I like spy thrillers and stories of terrorist hunters and the like. Sometimes, it’s called military fiction, although it’s not always about soldiers. Think Tom Clancy’s books or Mark Greaney’s Gray Man series. I recently had a chance to read and review a new book “Goodbye Paris,” by Mike Bond, the third book in his Pono Hawkins series about a former Special Forces soldier-turned-surfer. In this story, Pono is called by an old friend to Paris to help him track down a terrorist who had once captured and tortured them. Somehow, Pono is the only man alive who can visually identify the terrorist. When he gets to Paris, everything has gone wrong and now he has to scramble to save individuals and Paris itself while getting both the girl and revenge.

I can tell that Mike Bond is a poet. His word choice and the way he structures the narrative have that rhythm and flow, which makes the book all the more interesting to read, especially given its 1st-person viewpoint. That 1st person narrator is another strong point because it limits how much we can know about what’s really going on and keeps us as off-balance as the main character, Pono. The action was also well done, written so as to be clearly understood what was happening.

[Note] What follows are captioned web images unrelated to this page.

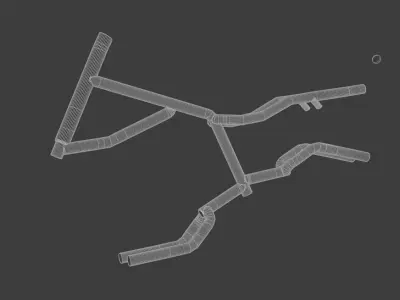 Bike Frame 3D model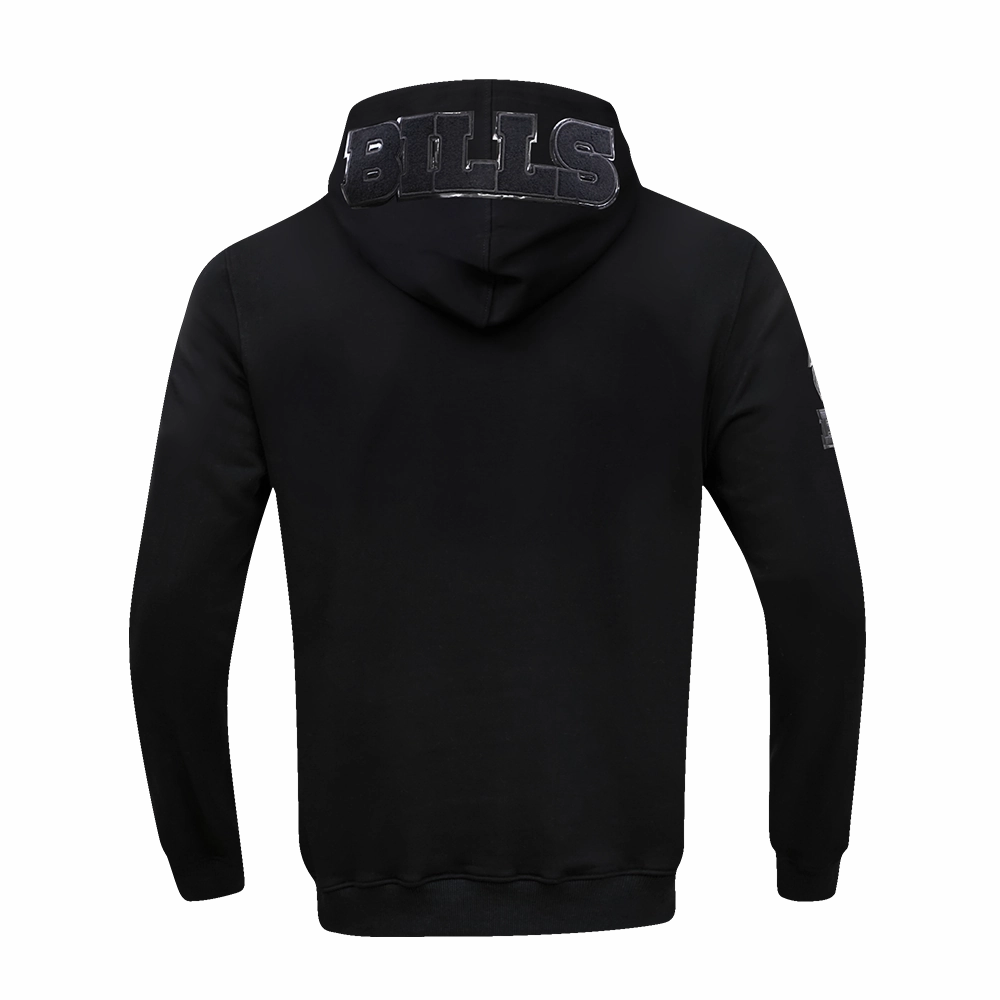 NFL BUFFALO BILLS TRIPLE BLACK FULL ZIP HOODIE  (TRIPLE BLACK)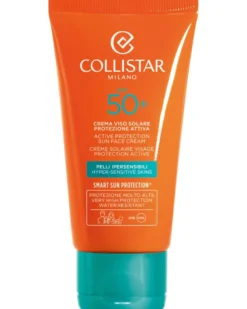 collistar suncare ACTIVE PROTECTION TANNING FACE CREAM SPF50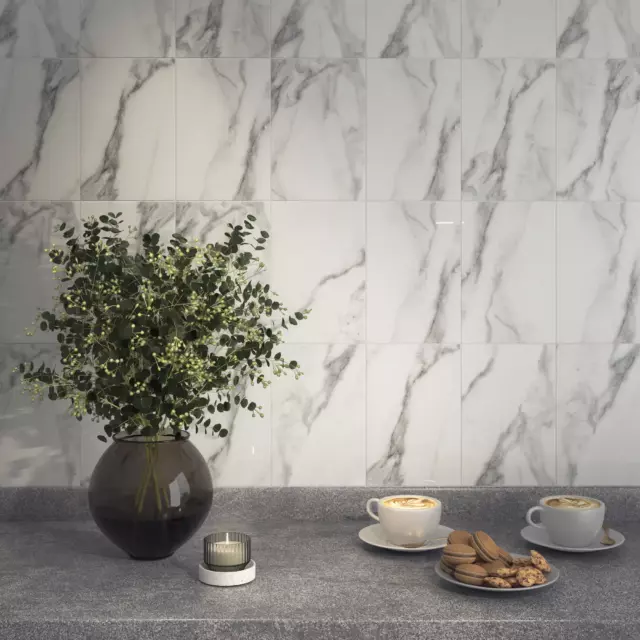Плитка настенная Kerama Marazzi Рива 20x30 см 1.5 м² глянцевая цвет серый — изображение 3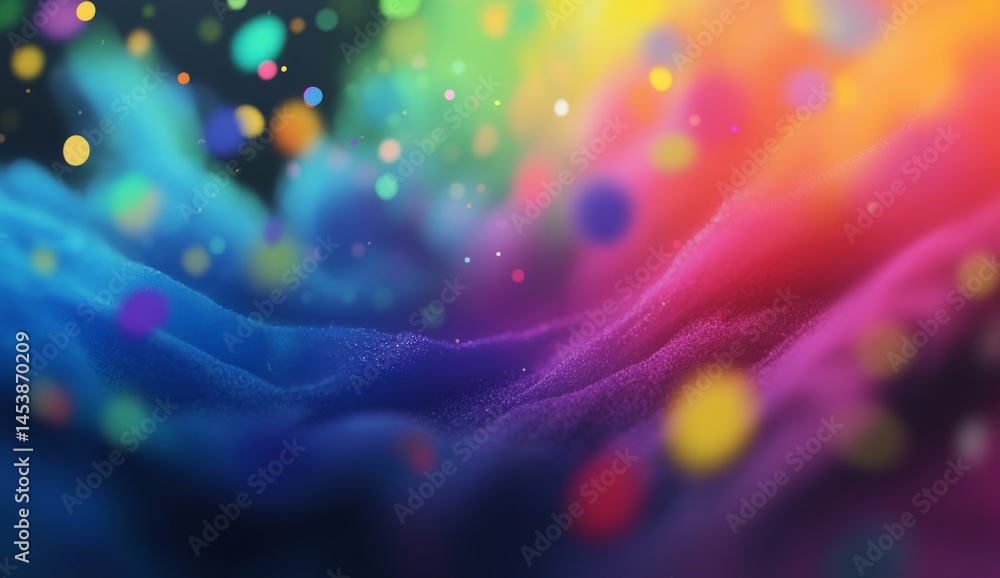 Psychedelic Light Burst with Rainbow Rays and Lens Flares Psychedelic Light Burst with Rainbow Rays and Lens Flares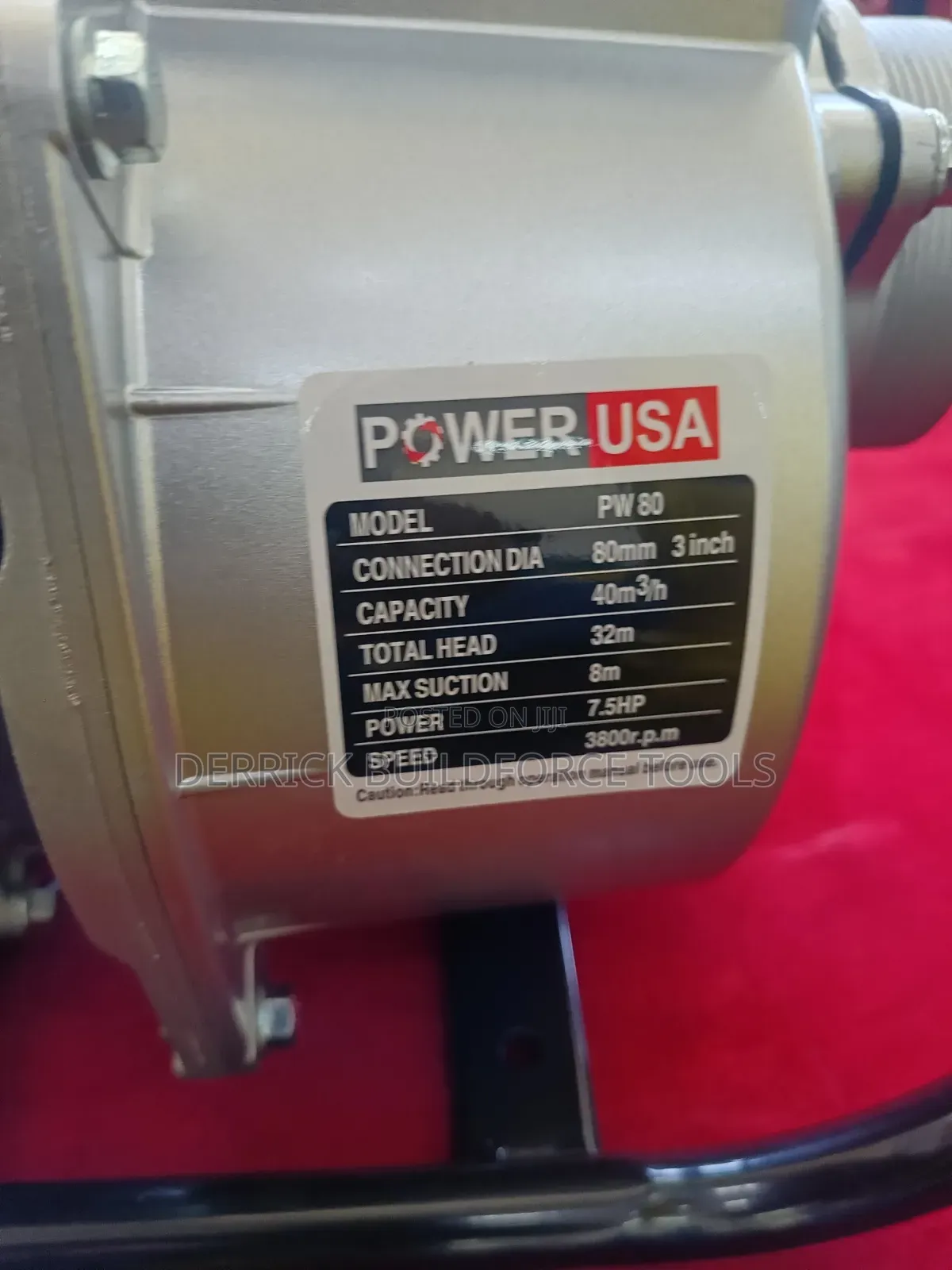Power Usa 3 "(Inch) 7.5hp Gasoline Driven Water Pump
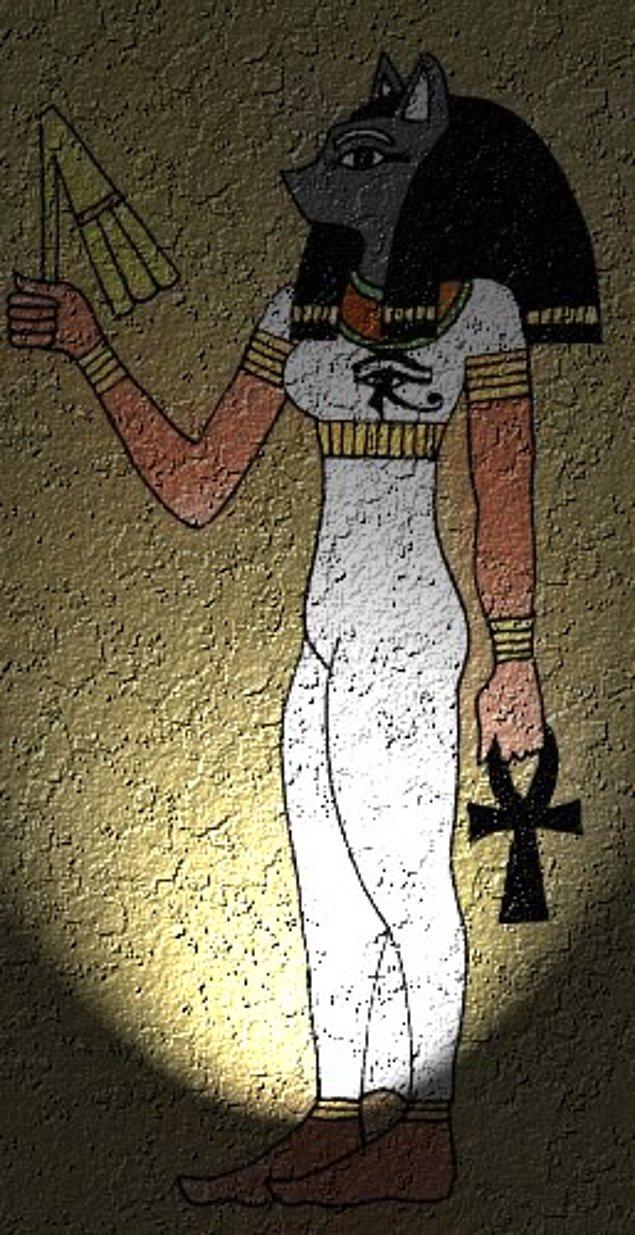 Bir başka tanrıça ise Bastet idi. Bastet, aslan ya da kedi başlı olarak resmedilirdi. Tanrıça Bastet, Eski Mısırlılara göre kedileri koruyordu. Bu inanıştan dolayı Eski Mısırlılar, kedilere özel bir ilgi gösteriyordu.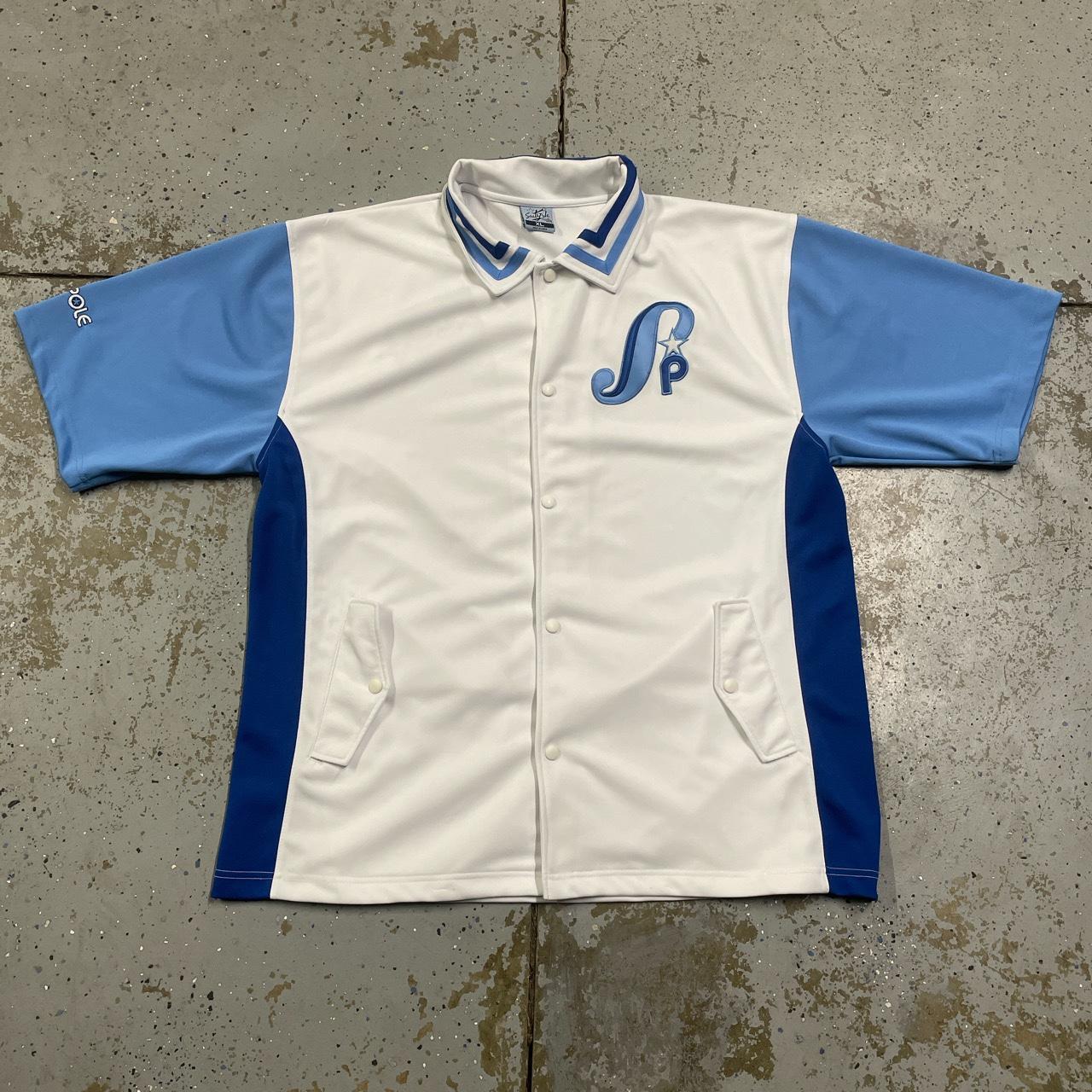 Insane Vintage Southpole Button Up Baseball Jersey... - Depop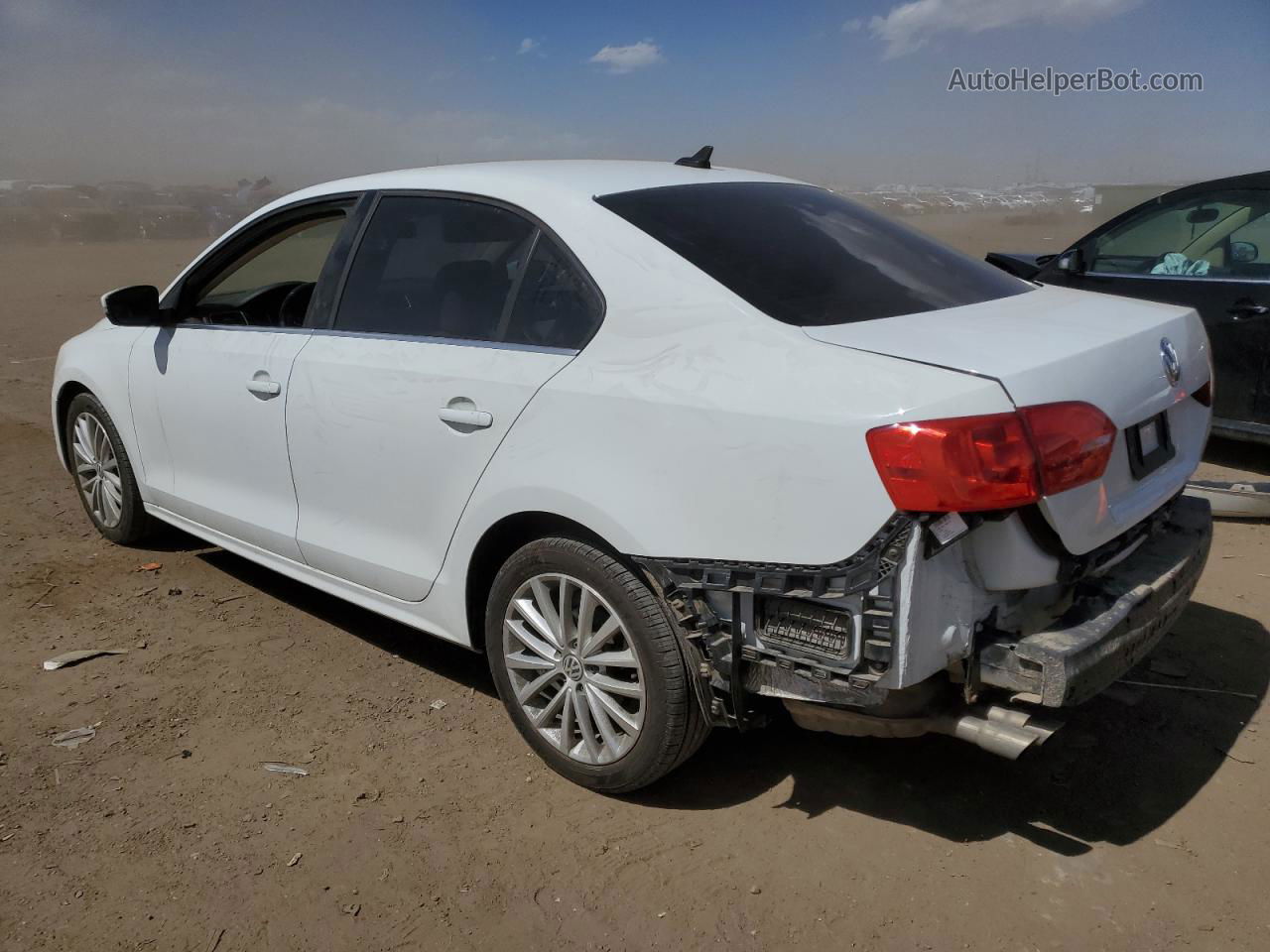 2014 Volkswagen Jetta Tdi White vin: 3VWLL7AJXEM331464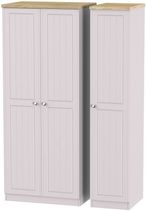 Vienna Cashmere 3 Door Triple Wardrobe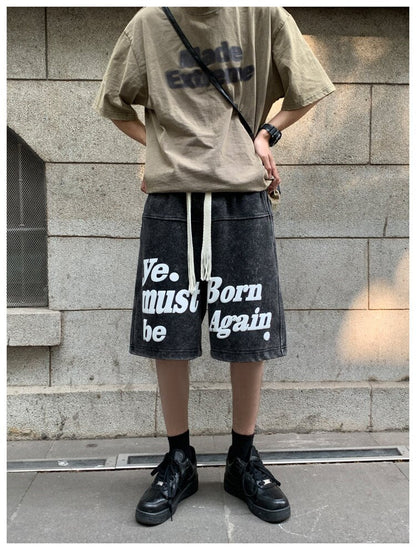 sanyamk Oversized Summer Men's Sports Printed Shorts 2023 Casual Breathable Shorts High Quality Loose Hip Hop Jogger Shorts 5XL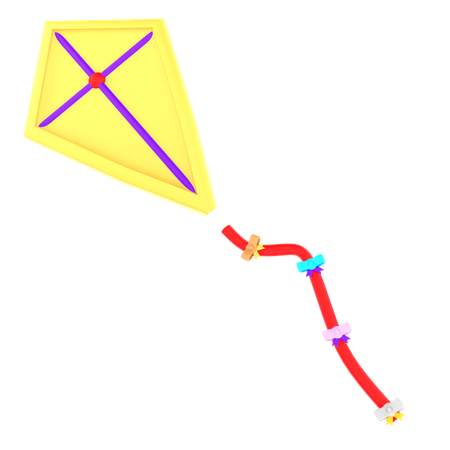 Kite flying  3D Icon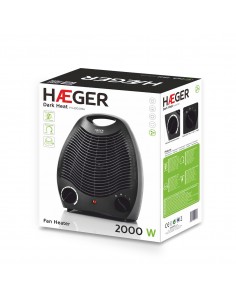 Termoventilador HAEGER Dark Heat 2000W 2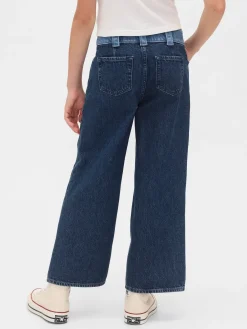 Kids High Rise Stride Wide-Leg Ankle Jeans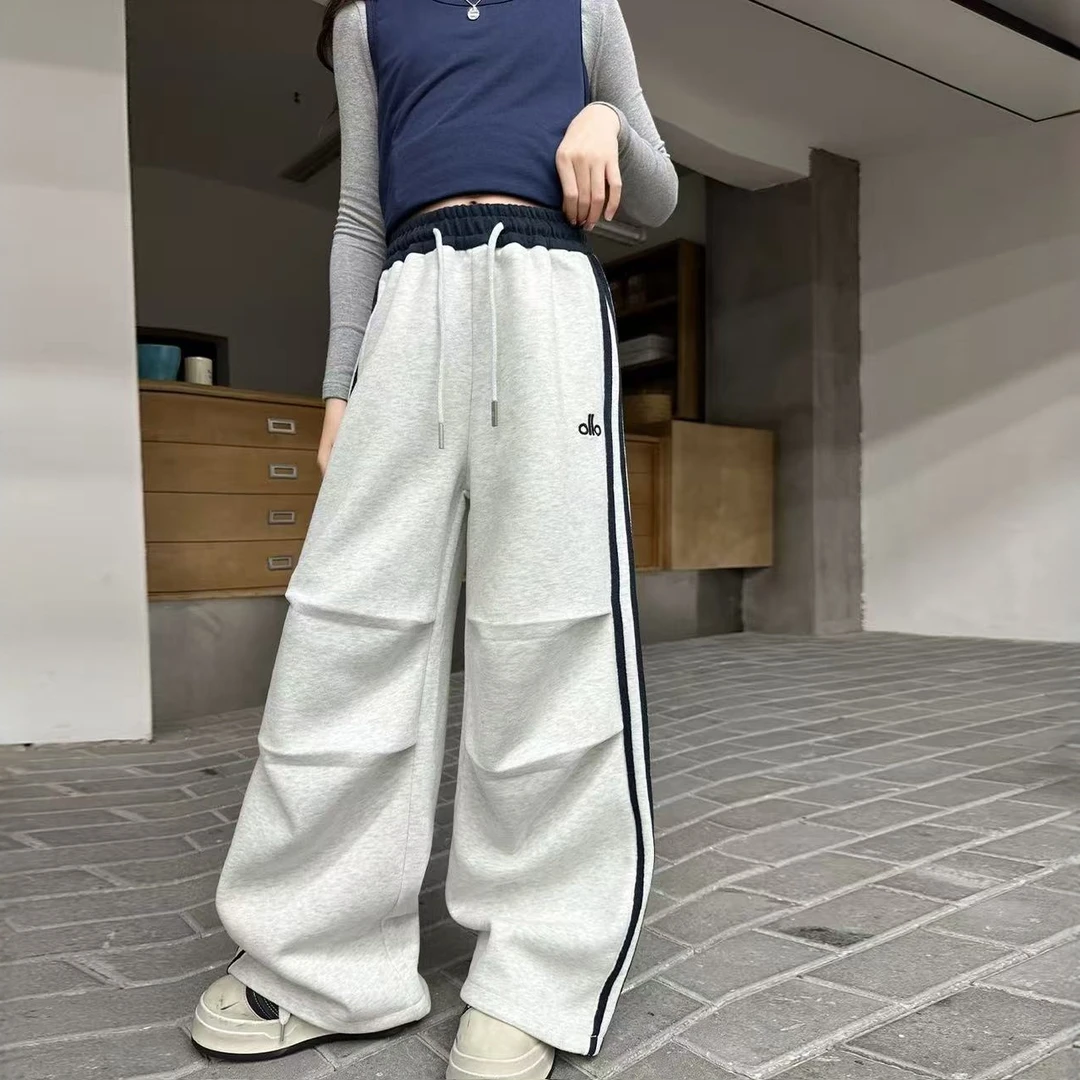 女童2025新季新品大女童韩版休闲字母刺绣伞兵卫裤可束口253153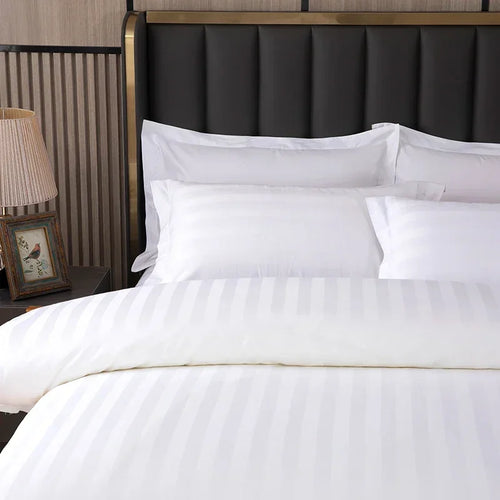 parure de lit luxe en coton égyptien drap taies oreiller satin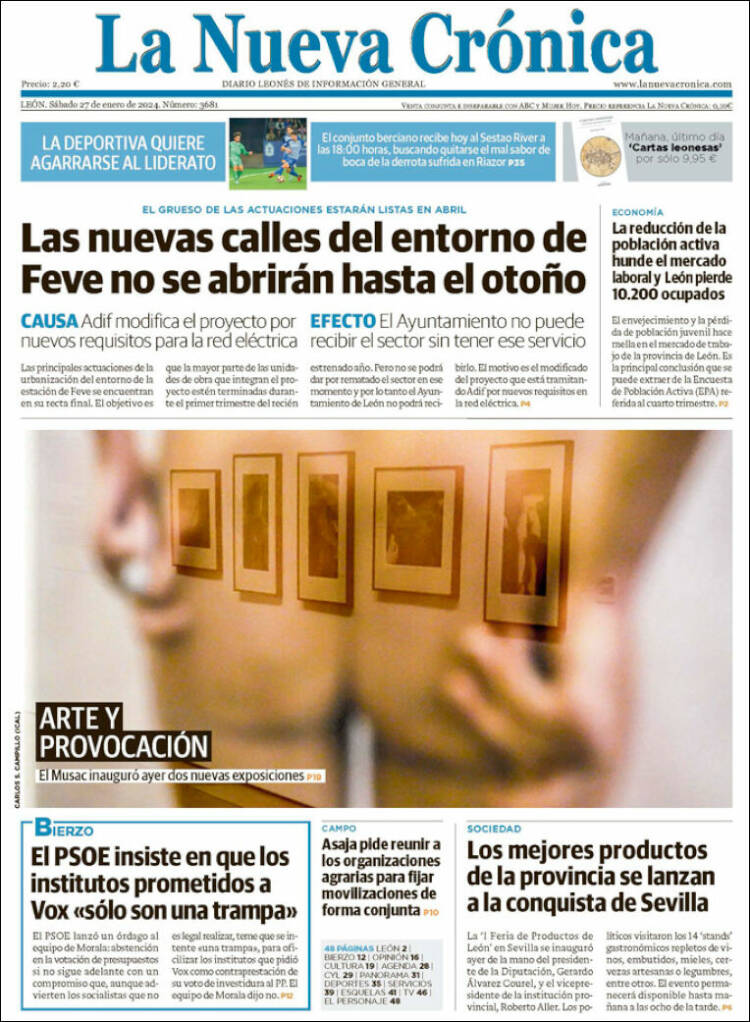 Portada de La Nueva Crónica (España)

My reservation, what keeps me from giving the book top grades, is its bleak worldview. It’s so relentlessly defeatist and negative about Islam and France and, well, everything. Yes, things are bad, but so bad? This is illustrated by how Bond portrays the fire at Notre Dame, which in the story happened before the action begins. (As an aside, I’m not sure if this was quickly inserted after the real fire or it’s an incredible coincidence.) In Bond’s telling, Notre Dame was destroyed by terrorists, burned out, demolished into a stone shell, all of its timeless artistic and spiritual glory gone. So depressing. But in reality, Notre Dame was damaged, badly, but all of her most important treasures survived and remain for us today. The world of Pono Hawkins is a sadder one than ours.

Another ding, from my point of view, is the unnecessary amount of sexual detail. I’m no prude; I’m a married dad of five. I don’t need the sex to be described to me if you tell me they had sex. Otherwise, it’s just indulging adolescent male fantasy.

The characters apart from Pono were fine, albeit they didn’t stray too far from stereotype. The aggressive female cop, the weary bureaucrat, and so on.

Nevertheless, I still give the book four out of five stars because the premise was interesting and the plotting and action were compelling enough to keep me wanting to come back to the book and find out what’s next, how it will be resolved, and who lives and dies.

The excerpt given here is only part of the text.